American political activist (born 1986)

David McKay (born 1986) is an American activist and artist known for his attempted protest of the 2008 Republican National Convention in Minneapolis and subsequent imprisonment based in part on testimony of FBI informant Brandon Darby.

McKay was born in Midland, Texas in 1986. Prior to his attempted protest of the 2008 Republican National Convention, McKay was not an active protester.

In 2008, McKay and several friends constructed several improvised shields and planned to travel to the convention and use them to block traffic, shield themselves from tear gas and bean bag guns, and in general to disrupt the convention. After they traveled to Minneapolis for the gathering, their shields were seized by police from a U-Haul trailer. FBI informant Brandon Darby and the group of 8 protestors, including Bradley Crowder then constructed several firebombs, which McKay alleged was entrapment by Darby. The house where they were staying was raided, the bombs seized, and the group arrested. Darby publicly revealed his role as an informant and testified against the protestors.

Crowder entered a plea deal of two years.

McKay went to trial.
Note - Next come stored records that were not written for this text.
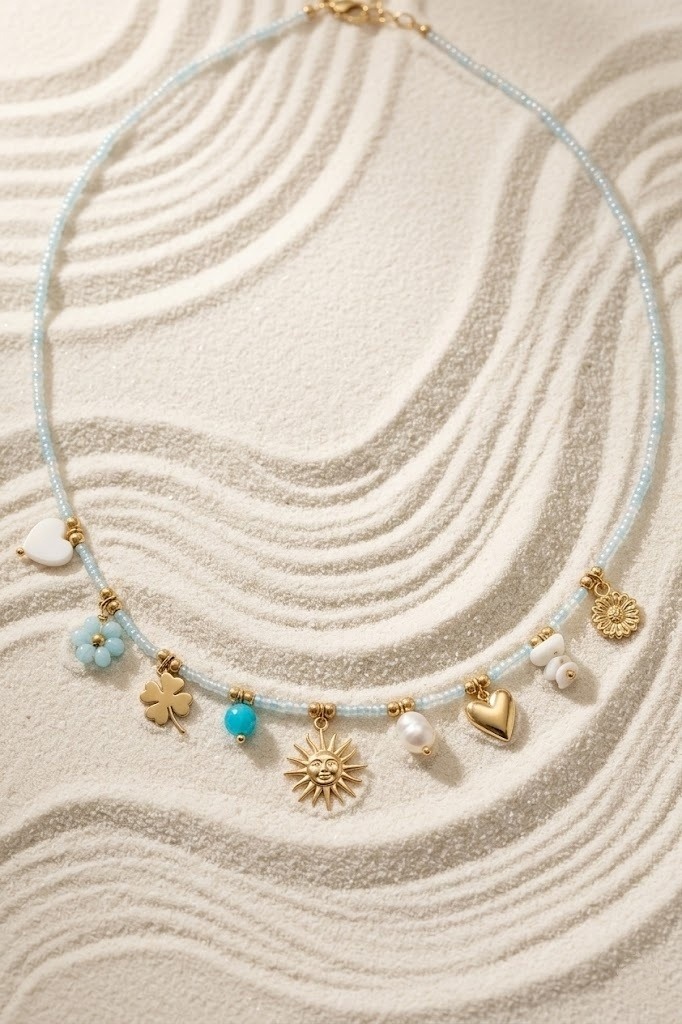Grossiste Bellissima - Collier Perles Charms Soleil – Acier Inoxydable Doré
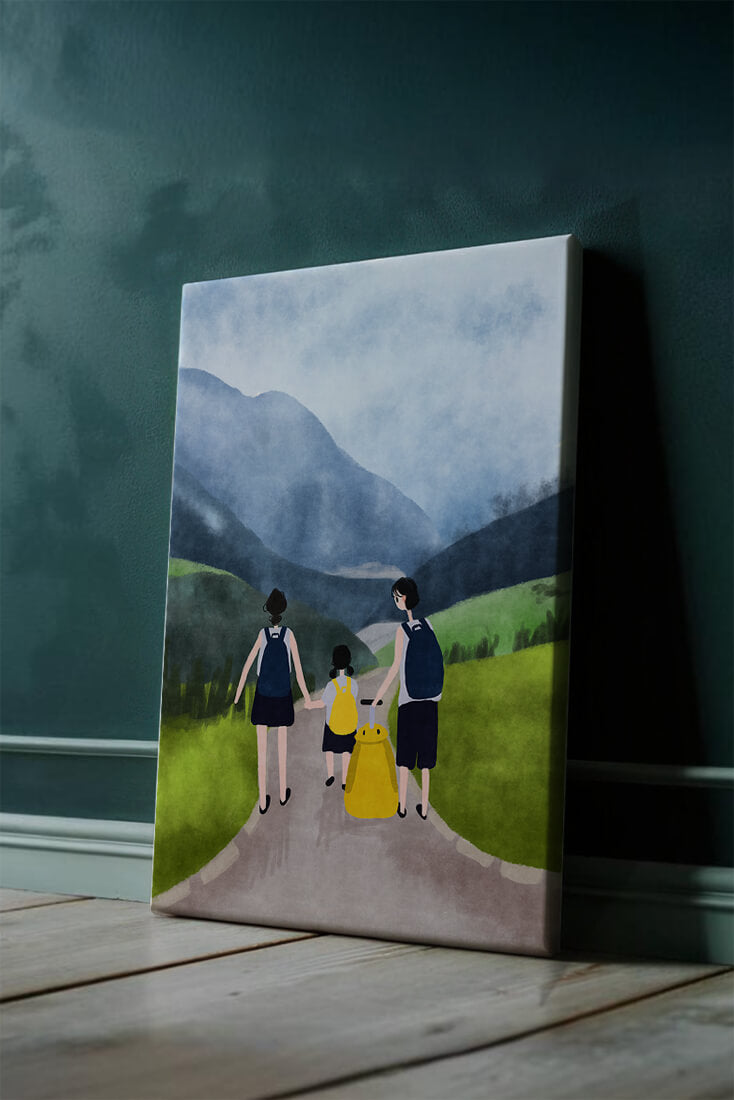 Family hiking in scenic mountain landscape with backpacks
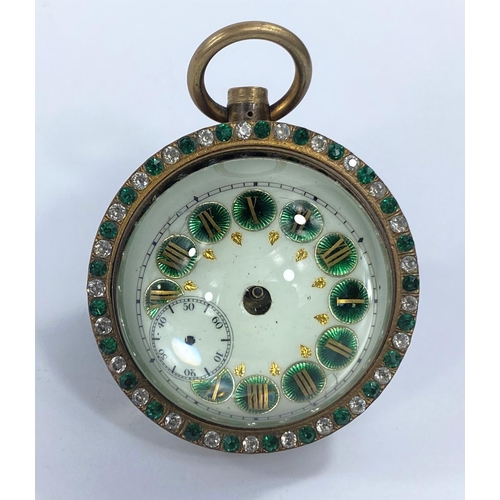 727 - An early 20th century time piece with spherical case set with green and clear stones, with green and... 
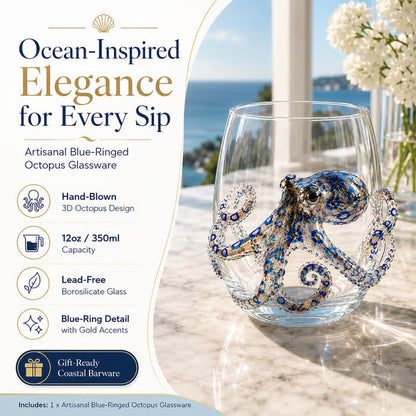 Artisanal 3D Ocean Creature Glass | Blue Ringed Octopus & Sea Life Glassware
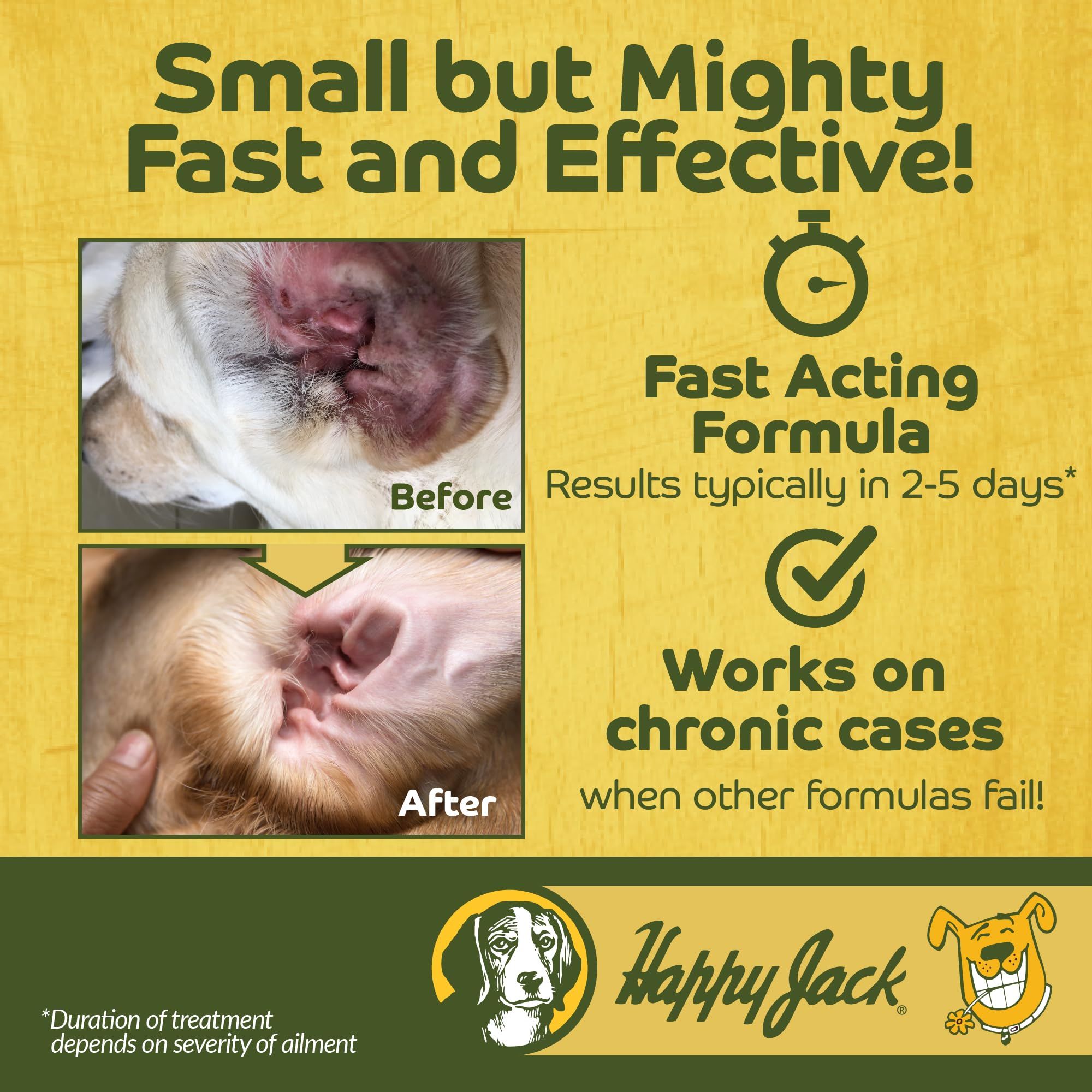 HAPPY JACK Ear Canker Powder label shown in close-up.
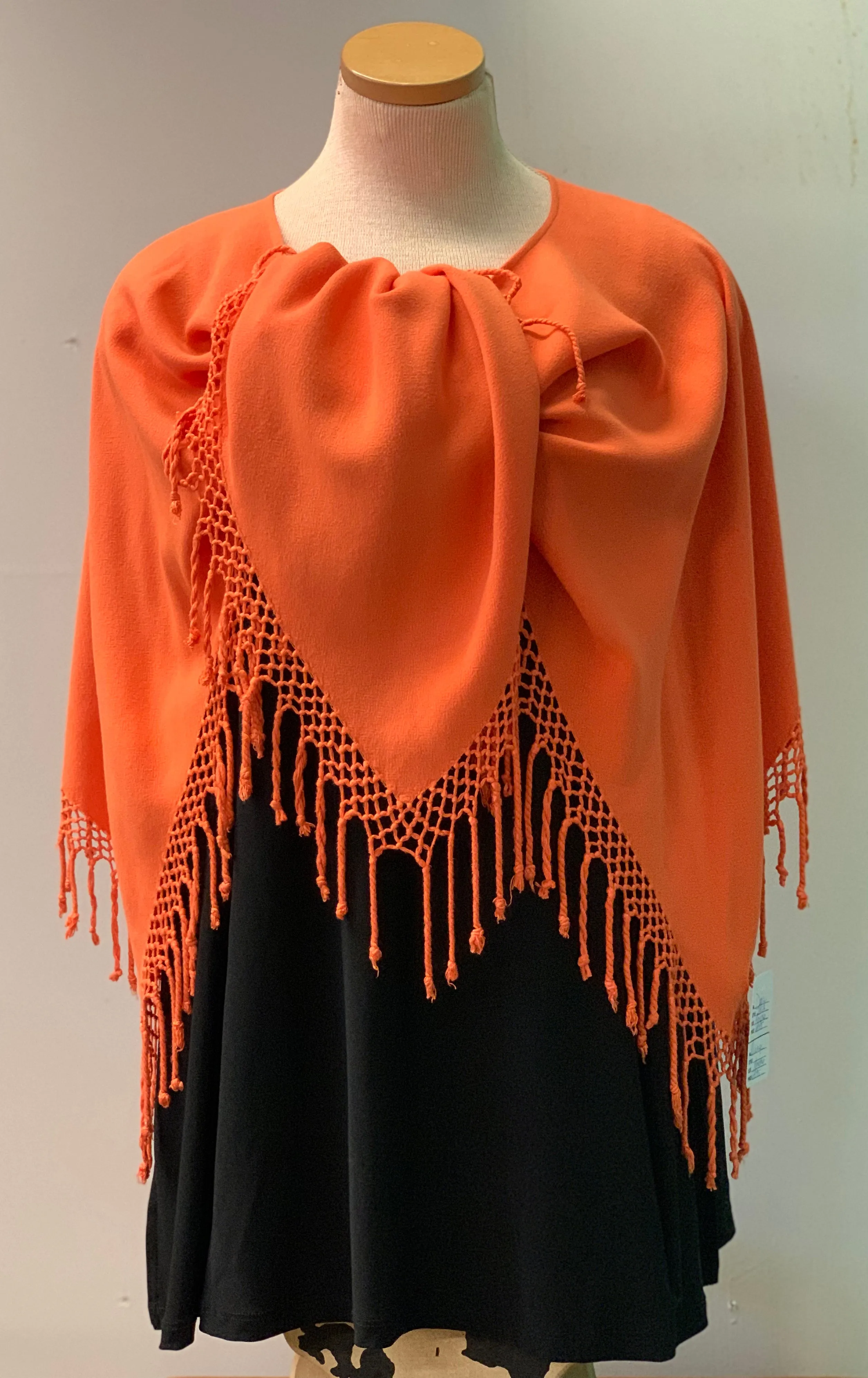 Fringed Poncho In Solid Colors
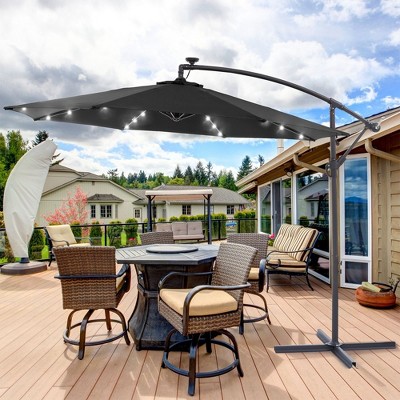 Sonkuki 10 Ft Patio Offset LED Umbrella Outdoor Hanging Umbrellas w/Solar Lights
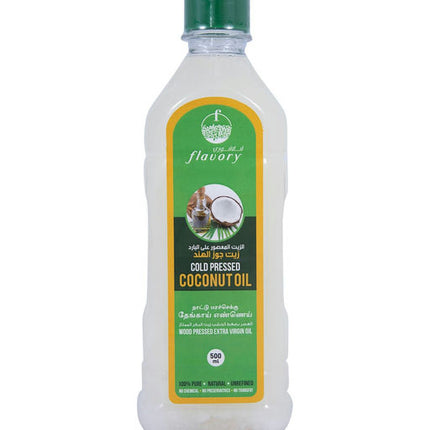 Flavory Cold Pressed Coconut Oil, Pure & Natural Oil for Cooking and Skincare, 500ml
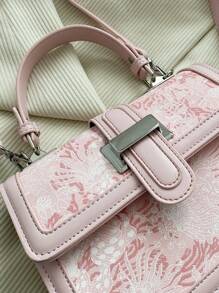 Mini Flower Graphic Square Bag Top Handle Flap
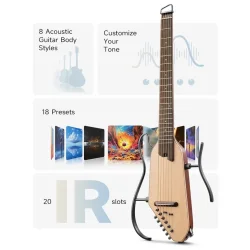 Donner HUSH-I PRO Silent Travel Elektrisk Guitar m/18 indbyggede effekter inkl. taske &amp; tilbeh�r (Nature)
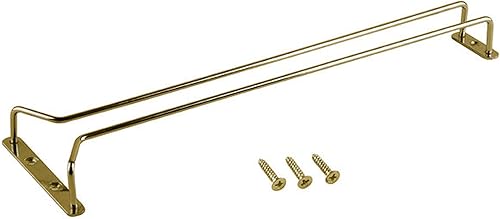 Miniatura 5 de Juego de 2 estantes para copas de vino de 16 pulgadas con acabado de latón, estante para colgar debajo del gabinete, soporte para copas de vino,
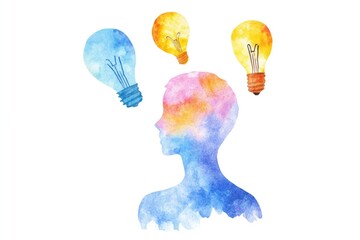 Poster - Portrait of a person with a light bulb shining above, ideal for use in illustrations and educational materials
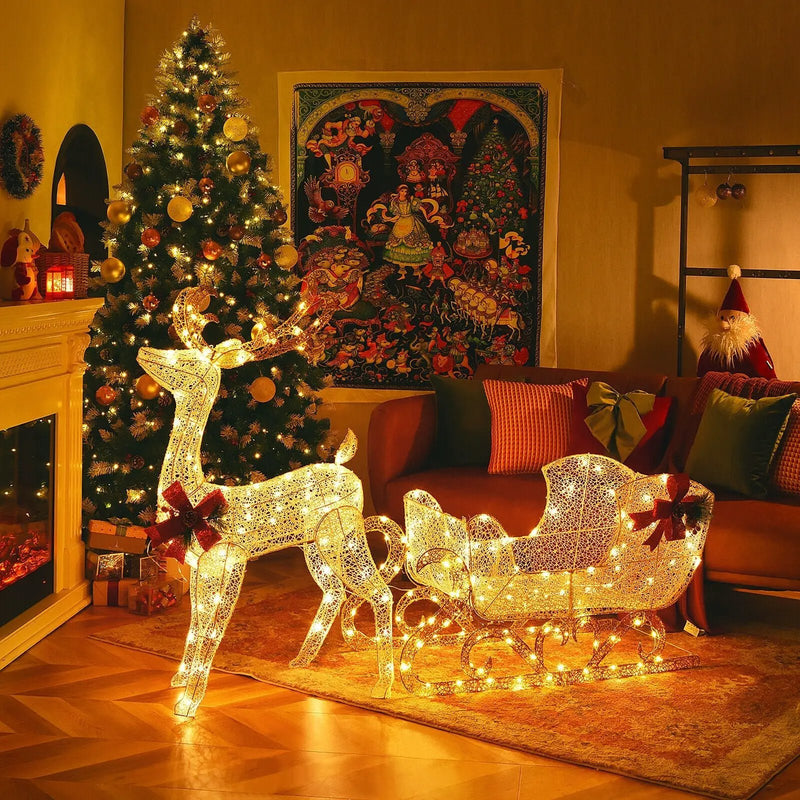 6 Feet Christmas Lighted Reindeer and Santa's Sleigh Decoration with 4 Stakes by DirectDeals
McKay got a hung jury of split 6-6, and was released pending retrial.
The day before retrial, McKay tried to take a plea deal of two years imprisonment, where he also had to reverse his original statement that he had been "entrapped" by Brandon Darby.
However, on May 21, 2009, U.S. Chief Judge Michael J. Davis sentenced McKay to four years in prison, citing an "obstruction of justice" sentencing enhancement and that McKay had not fully accepted responsibility for his own actions.

According to the Federal Bureau of Prisons manifest, McKay was released from prison on 04-06-12.